7 min read

Reliability Theory

This reference explains the mathematics behind power system reliability assessment — quantifying the risk of not meeting electricity demand.


What is Reliability?

Power system reliability has two aspects:

  1. Adequacy: Are there enough resources (generation, transmission) to meet demand?
  2. Security: Can the system withstand disturbances without cascading failures?

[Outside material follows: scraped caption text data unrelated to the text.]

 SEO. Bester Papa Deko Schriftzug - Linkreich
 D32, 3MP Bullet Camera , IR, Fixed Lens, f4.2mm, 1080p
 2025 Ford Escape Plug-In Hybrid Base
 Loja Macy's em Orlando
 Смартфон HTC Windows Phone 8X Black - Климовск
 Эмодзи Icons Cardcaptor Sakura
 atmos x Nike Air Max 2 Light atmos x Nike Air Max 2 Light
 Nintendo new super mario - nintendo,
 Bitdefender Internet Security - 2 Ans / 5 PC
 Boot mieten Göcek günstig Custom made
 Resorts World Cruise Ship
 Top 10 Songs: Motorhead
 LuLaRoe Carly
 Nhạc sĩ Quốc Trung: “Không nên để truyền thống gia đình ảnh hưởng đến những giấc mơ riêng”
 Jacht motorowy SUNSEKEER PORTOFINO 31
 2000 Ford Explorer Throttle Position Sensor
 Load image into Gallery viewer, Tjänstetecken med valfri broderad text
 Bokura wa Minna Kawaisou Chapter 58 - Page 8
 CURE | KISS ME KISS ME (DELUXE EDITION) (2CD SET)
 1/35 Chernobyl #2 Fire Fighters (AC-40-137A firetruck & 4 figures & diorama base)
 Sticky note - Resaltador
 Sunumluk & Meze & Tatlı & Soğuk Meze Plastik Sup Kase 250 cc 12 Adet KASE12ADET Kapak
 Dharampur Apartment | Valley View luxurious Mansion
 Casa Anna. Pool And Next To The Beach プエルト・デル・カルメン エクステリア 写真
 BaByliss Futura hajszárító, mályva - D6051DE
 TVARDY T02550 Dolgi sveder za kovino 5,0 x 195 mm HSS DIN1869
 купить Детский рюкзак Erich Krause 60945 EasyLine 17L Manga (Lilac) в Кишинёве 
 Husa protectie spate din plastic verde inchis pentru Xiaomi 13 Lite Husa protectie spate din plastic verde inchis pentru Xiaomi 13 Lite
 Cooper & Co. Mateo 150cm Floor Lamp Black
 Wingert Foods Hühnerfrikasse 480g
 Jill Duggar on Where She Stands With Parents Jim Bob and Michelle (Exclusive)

This reference focuses on adequacy assessment — the probability-based analysis of supply sufficiency.


Fundamental Concepts

Loss of Load

Loss of Load (LOL) occurs when available generation cannot meet demand:

LOL event: Available Capacity < Demand

This can happen due to:

  • Generator outages (forced or planned)
  • Transmission constraints
  • Demand exceeding forecasts
  • Renewable shortfalls

Capacity States

Each generator has two states:

  • Available: Operating or ready to operate
  • Unavailable: Failed or under maintenance

For a system with n generators, there are 2ⁿ possible capacity states.

Forced Outage Rate (FOR)

The probability a unit is unavailable due to unplanned failure:

FOR = (Forced Outage Hours) / (Service Hours + Forced Outage Hours)

Typical values:

  • Coal/gas units: 2-10%
  • Nuclear: 3-8%
  • Hydro: 1-3%
  • Wind/solar: Captured via capacity factor, not FOR

Reliability Indices

LOLE — Loss of Load Expectation

The expected number of hours (or days) per year when load exceeds available capacity:

$$\text{LOLE} = \sum_i p_i \cdot t_i$$

where:

  • $p_i$ = probability of capacity state i
  • $t_i$ = duration of load loss in state i (hours)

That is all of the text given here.